Comme le Coca, le McDo ou les Santiags, le 1er Mai vient… des États-Unis. Et il n’est pas prêt d’y retourner car il n’y est plus fêté là-bas à cette date mais le premier lundi de septembre, ce qui lui évite de tomber un dimanche
Aussi incongru que cela puisse sembler aujourd’hui, à la fin du XIXe siècle, le mouvement ouvrier était particulièrement fort aux États-Unis et souvent plus avancé qu’ailleurs. C’est ainsi qu’en 1884 il donne deux ans aux entreprises pour passer à la journée de huit heures au lieu de dix (soit quarante-huit heures par semaine au lieu de soixante, car seul le dimanche était chômé). Comme date limite, il fixe le 1er mai 1886 car c’est toujours à cette date que sont bouclés les bilans annuels. La plupart des entreprises obtempèrent mais les salariés de Chicago qui n’ont pas bénéficié de la réforme commencent à manifester : la répression fait trois morts le 3 mai. Les manifestations qui s’ensuivent sont également endeuillées et cinq syndicalistes sont pendus malgré l’absence de preuves.

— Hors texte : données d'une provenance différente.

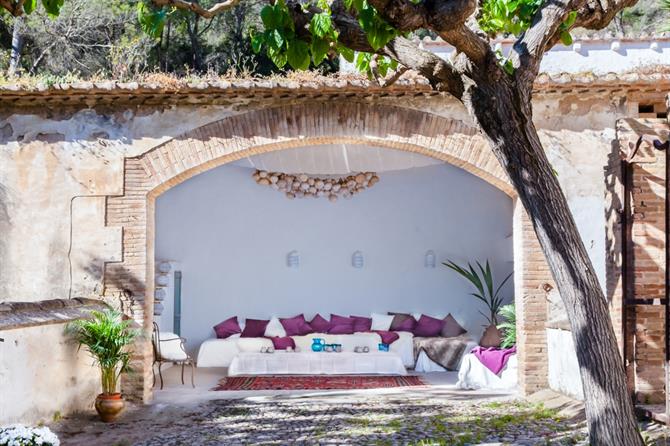 Luxury villa rental Sitges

C’est donc en hommage à ces morts que l’Internationale socialiste à Paris demande aux ouvriers du monde entier de manifester à cette date : ils le feront pour la première fois en 1890, un triangle rouge à la boutonnière pour symboliser la journée des trois tiers (un pour le travail, un pour les loisirs, un pour le sommeil). L’année suivante, à Fourmies, dans le Nord, la troupe fait feu sur les manifestants et fait dix morts, dont Marie Blondeau, ouvrière qui défilait, des aubépines dans les bras.

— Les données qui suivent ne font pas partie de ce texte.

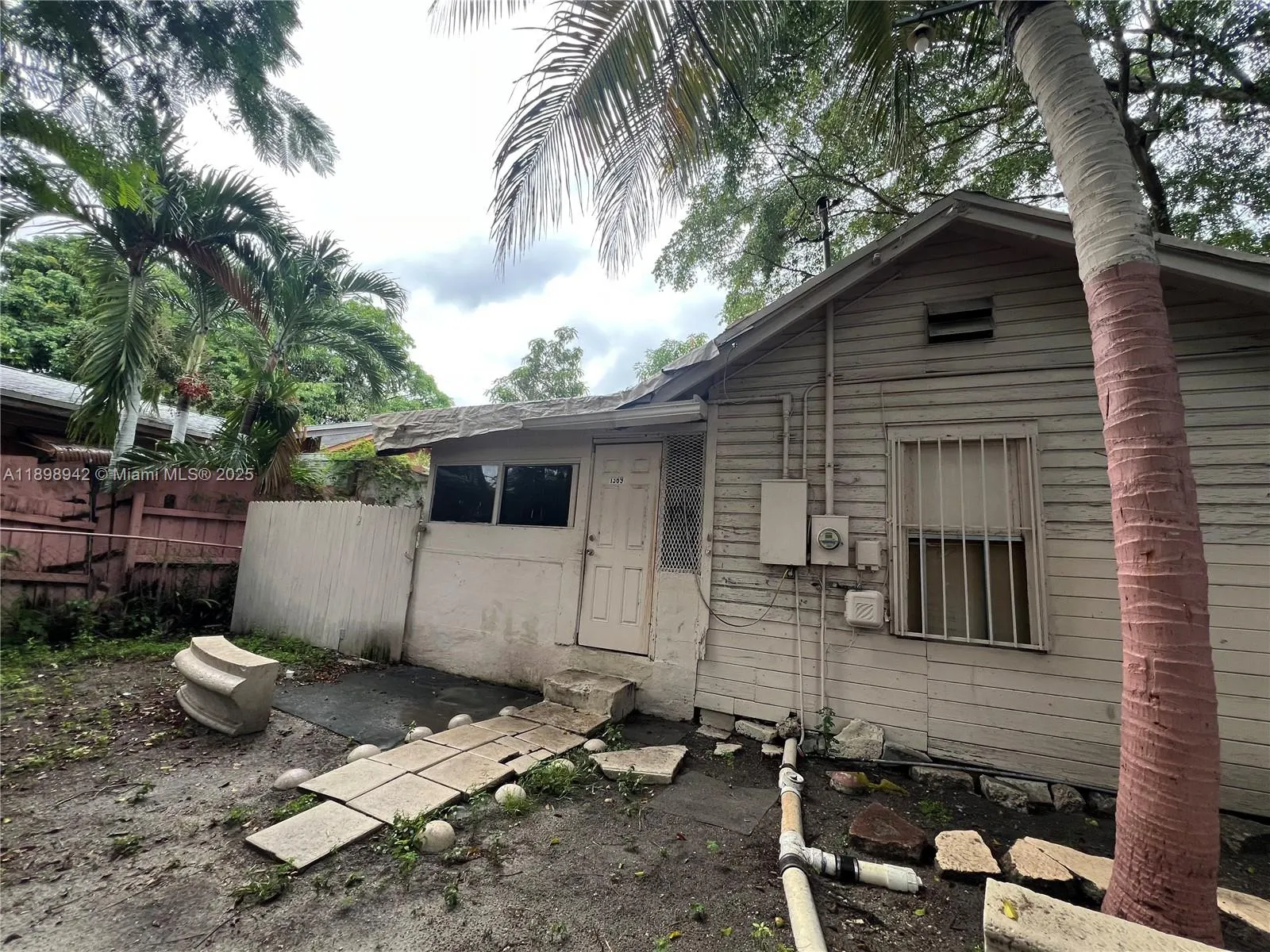 1361 NW 32nd St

Le 1er Mai devient donc ici aussi une fête hommage aux mineurs français abattus et au rouge du triangle revendicatif s’adjoint le brin d’aubépine commémoratif. La date du 1er mai est donc indirectement choisie pour correspondre aux bilans comptables des firmes américaines. Saugrenu…
Symbole de renouveau
Mais il faudra attendre le gouvernement Pétain, qui veut mettre les ouvriers dans sa poche, pour que la date devienne officiellement fériée en France, glissant au passage qu’elle coïncide avec la Saint-Philippe. Il en profite pour changer de symbole : l’églantine rouge, un peu trop marquée « grand Satan soviétique », est remplacée par le muguet, qui fleure bon une France un peu plus… traditionnelle. Car le muguet est depuis longtemps associé à cette date. Déjà, en 1561, après en avoir reçu un bouquet, le roi Charles IX décide que, ce jour-là, toutes les dames de sa cour s’en verront offrir.

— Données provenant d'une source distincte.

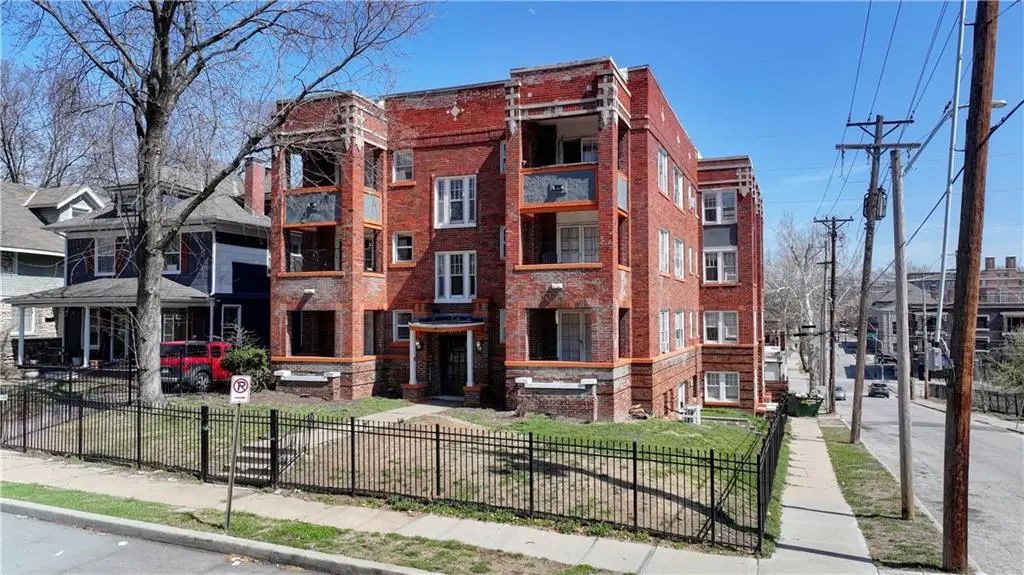 4245 Harrison Street, Kansas City, MO 64110 - #1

Plus avant encore, la date est toujours symbole d’un renouveau : pour les Romains (toujours là lorsqu’il s’agit d’une fête !), on est en plein dans les célébrations pour la déesse Flora, spécialisée en fertilité végétale. Et, pour les Celtes, la première lune de mai marque les fêtes de Beltaine, qui doit protéger le bétail pour l’année.
Bref, début mai est une période propice aux fêtes et célébrations et le 1er Mai actuel s’y rattache, un peu. Qui n’est d’ailleurs pas la « Fête du travail » puisqu’il serait incongru de chômer ce jour-là mais bien celle « des travailleurs ».